My Sony/Samsung thread at Remote Central Forums - http://www.remotecentral.com/cgi-bin/mboard/rc-sonytech/thread.cgi?1238

Remote Central Sony Technical Support Forums - http://www.remotecentral.com/cgi-bin/mboard/rc-sonytech/list.cgi


----------



## JoeSchueller (Jun 16, 2004)

Are there 2 versions of the Sony remote? I see this works for an RM-Y809. My remote says RM-Y808.


----------



## Edmund (Nov 8, 2002)

> _Originally posted by JoeSchueller _
> *Are there 2 versions of the Sony remote?

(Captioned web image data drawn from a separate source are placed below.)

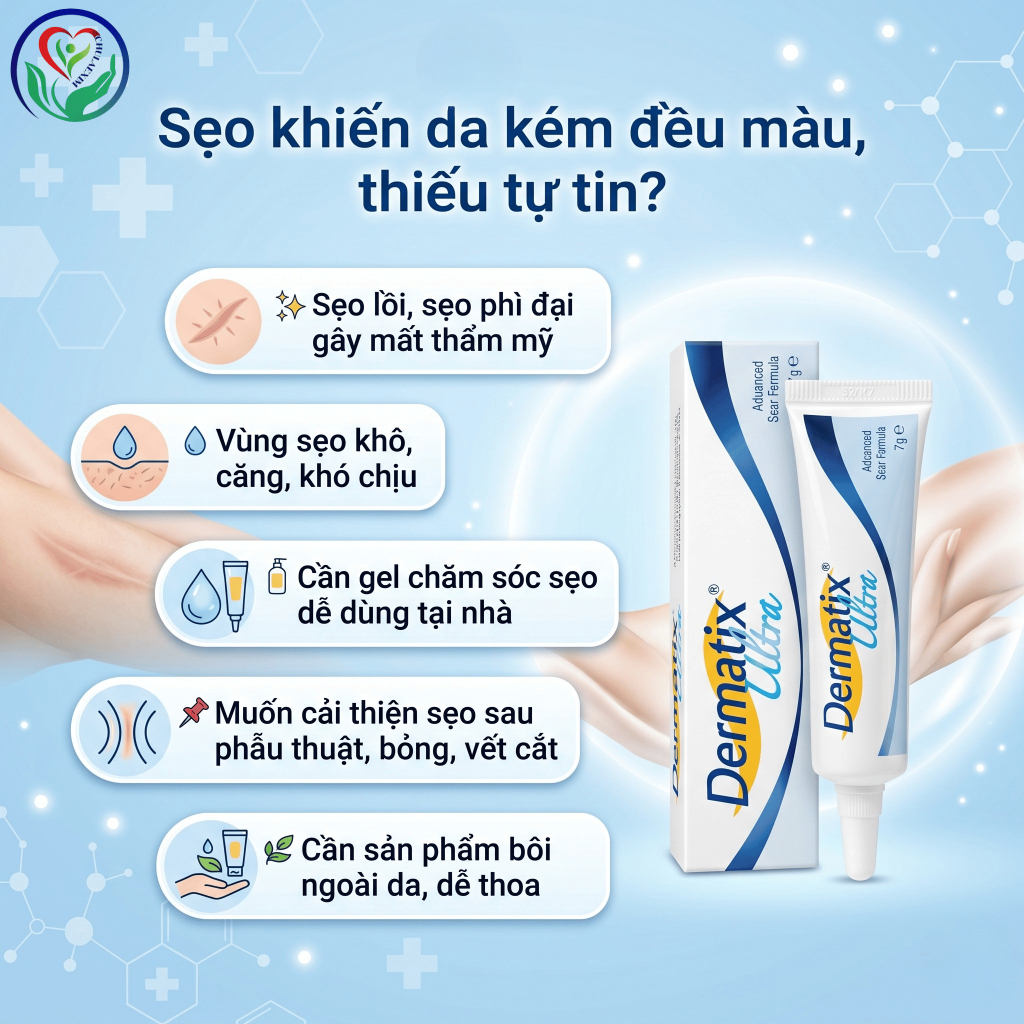 Dermatix Ultra Gel 7g gel silicone hỗ trợ cải thiện sẹo lồi, sẹo phì đại, sẹo phẫu thuật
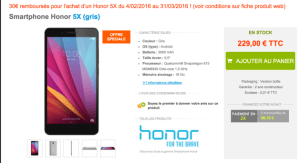 Bon plan : le Honor 5X à 199 euros avec une carte micro SD de 32 Go
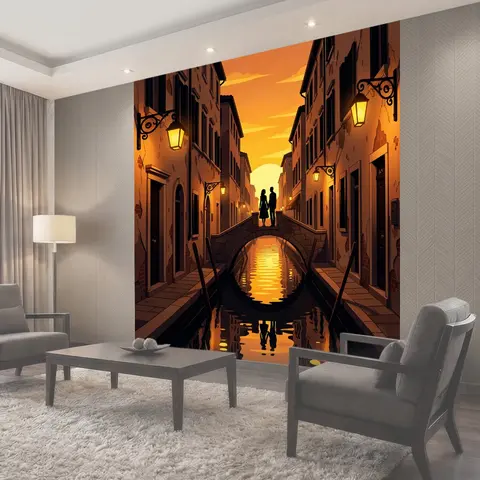 Фотообои Пара на мосту у канала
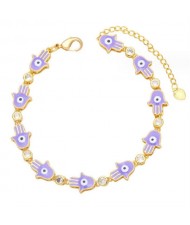 Oil-spot Glaze Bohemian Fashion 18K Gold Plated Evil Eye Hands Creative Wholesale Bracelet - Purple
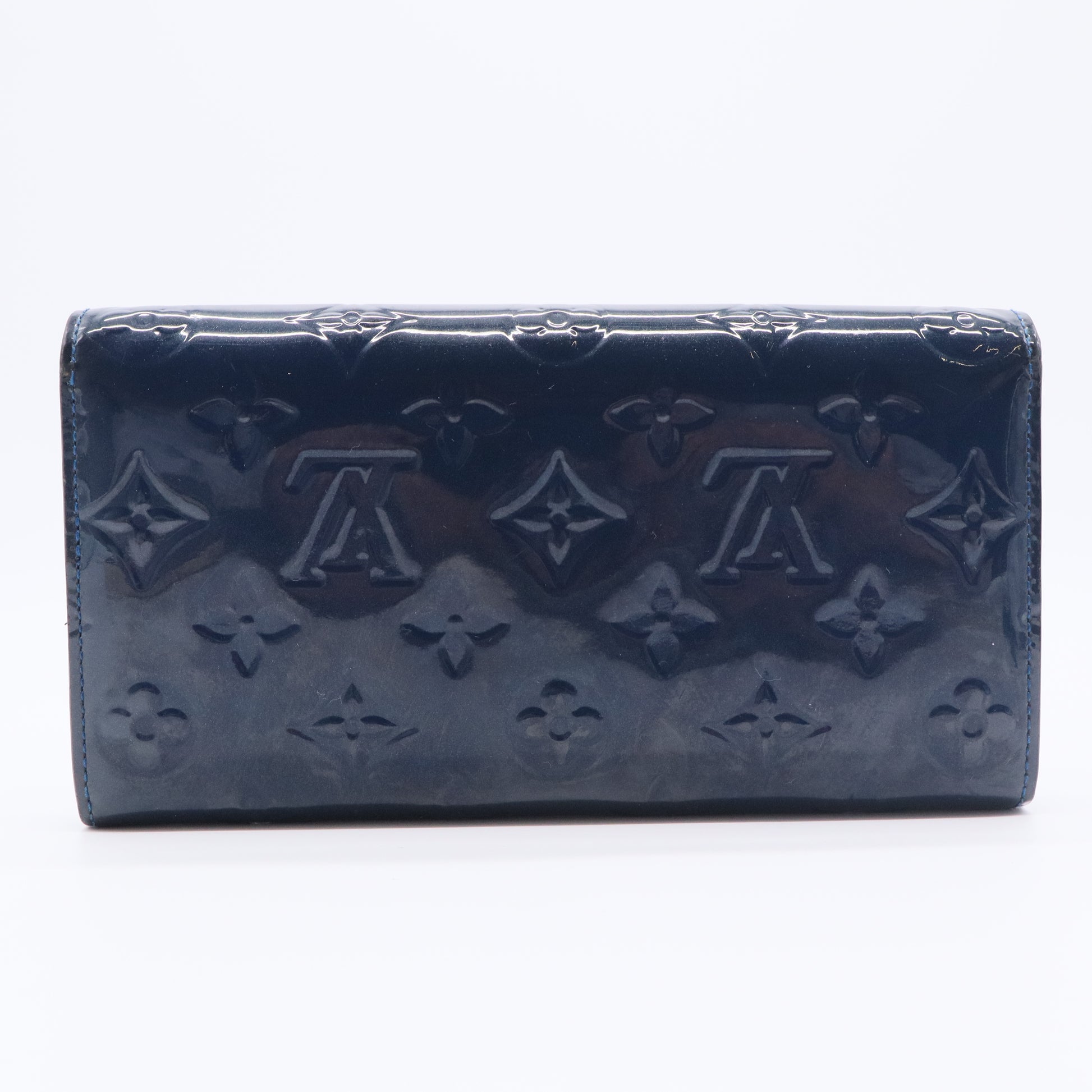 Grand Blue Monogram Vernis Sarah Wallet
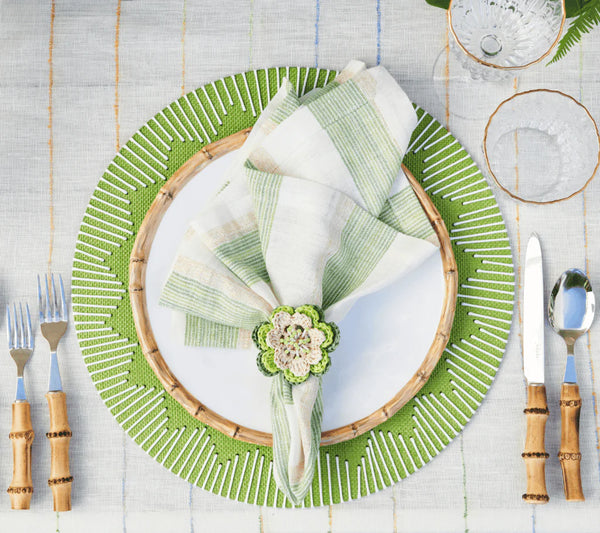 Dream Weaver Placemat Set of 4 - Green & White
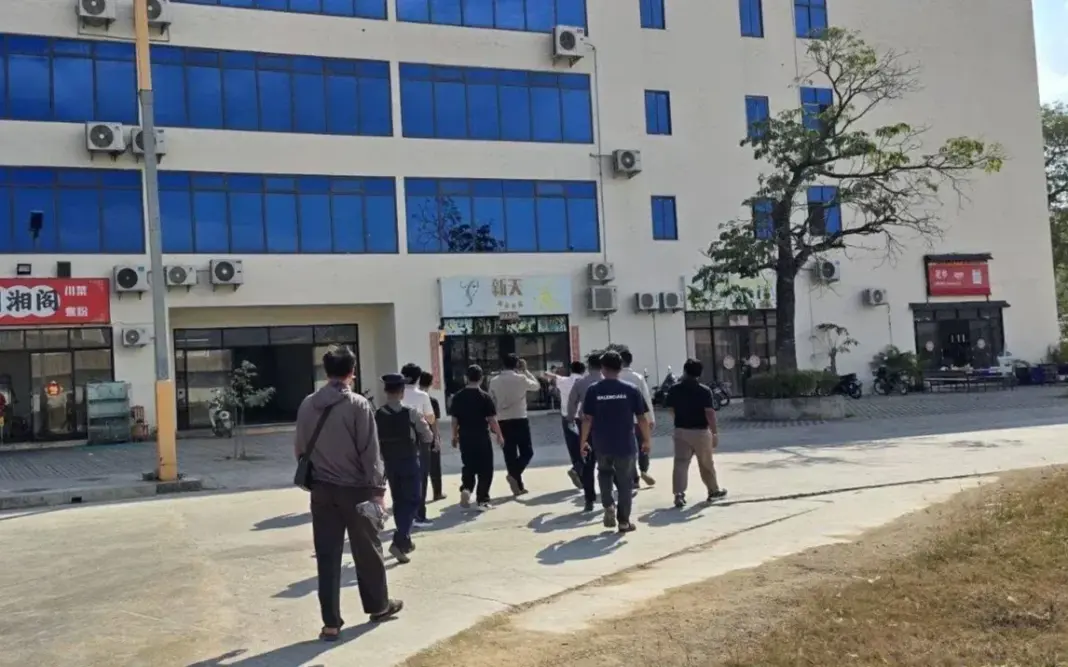 The Yaung Ni Oo compound in Tachileik, where trafficking survivors say online scam operations were conducted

I see this works for an RM-Y809. My remote says RM-Y808. *


As you can see, the  RM-Y809, and the  RM-Y808 are two very different remotes. The only reason the RM-Y809 has the learning feature is its made by UEI, which the RM-Y808 is not.

What you need is true UEI remote, the one-for-all  UCR-6131.


----------



## pruffy (Oct 20, 2003)

Edmund said:


> You don't need a code for you T-60's remote to be able to control the vol & mute on your B & K receiver. The T-60's remote has a hidden learning feature, here's how:
> 
> 1. press and hold TV POWER & TIVO, until the light remains lit.
> 2. enter 0-9-7-5, light will blink a couple of times and go out
> ...


thanks worked great


----------



## Maris (Oct 22, 2011)

Edmund said:


> You don't need a code for you T-60's remote to be able to control the vol & mute on your B & K receiver. The T-60's remote has a hidden learning feature, here's how:
> 
> 1. press and hold TV POWER & TIVO, until the light remains lit.
> 2. enter 0-9-7-5, light will blink a couple of times and go out
> ...


Thank you very much for this information. It worked great!


----------



## seikialice88 (Nov 23, 2011)

MyM3 said:


> Peter,
> 
> I finally got the Sony RM-Y809 remote to perform like I wanted it. When you follow Edmund's directions if you want the 809 to learn a Samsung TV's volume (my example) you need to do it twice - once for Volume *Up* and again for *Down.* I was stupidly trying to use the Mute button on the 809 while trying to get it to learn the Samsung volume.
> 
> ...


I also think so.


----------